ACTION ITEM: Only the lines from the one bearing "Interior de la ferretería." through the end of the listing belong in your response, restated word for word and without pictures.
SUPPLIED MATERIAL Start Marker
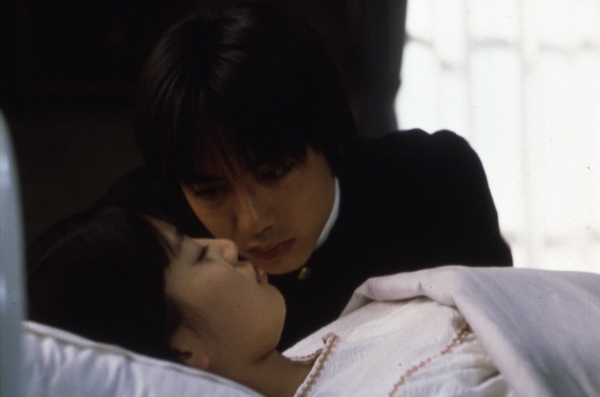 「ガラスの脳」©2000 日活・毎日放送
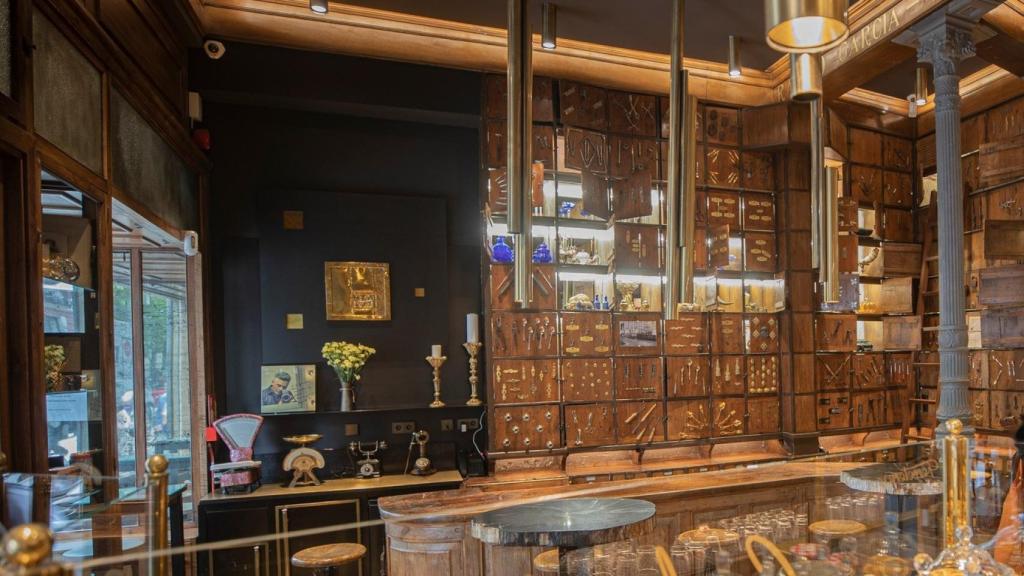 Interior de la ferretería.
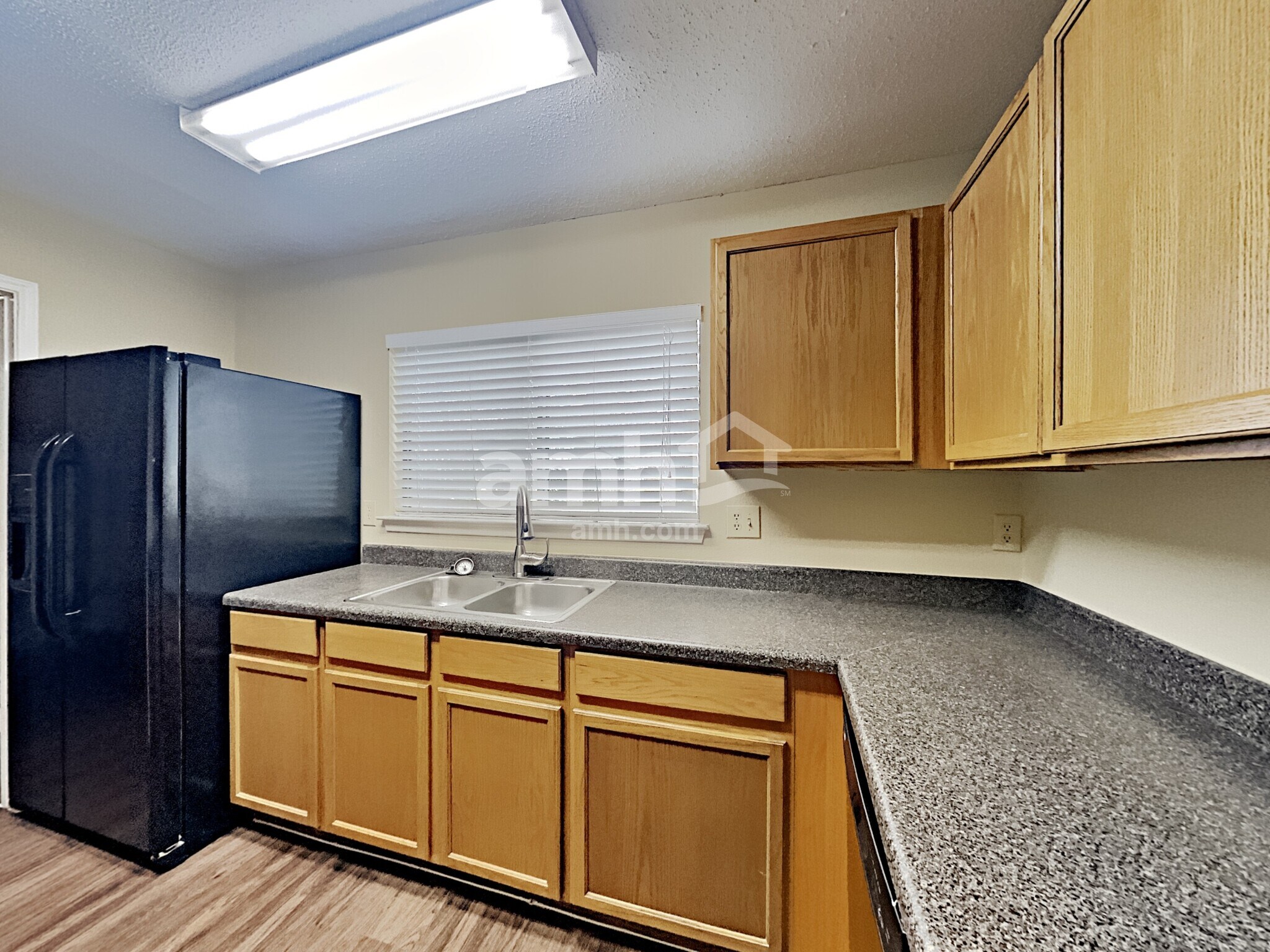 Building Photo - 7810 Dueling Oak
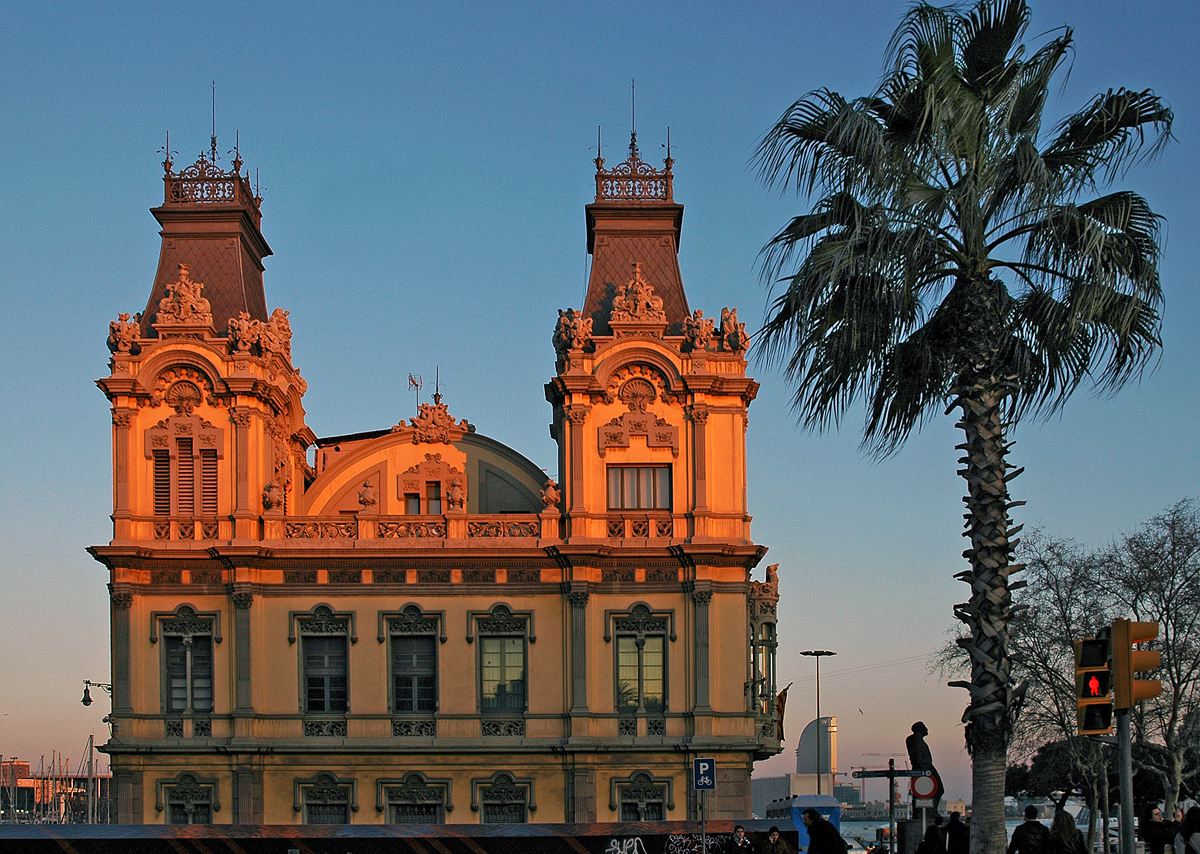 photo "***" tags: city, architecture, Spain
SUPPLIED MATERIAL End Marker
TASK ANSWER:
 Interior de la ferretería.
 Building Photo - 7810 Dueling Oak
 photo "***" tags: city, architecture, Spain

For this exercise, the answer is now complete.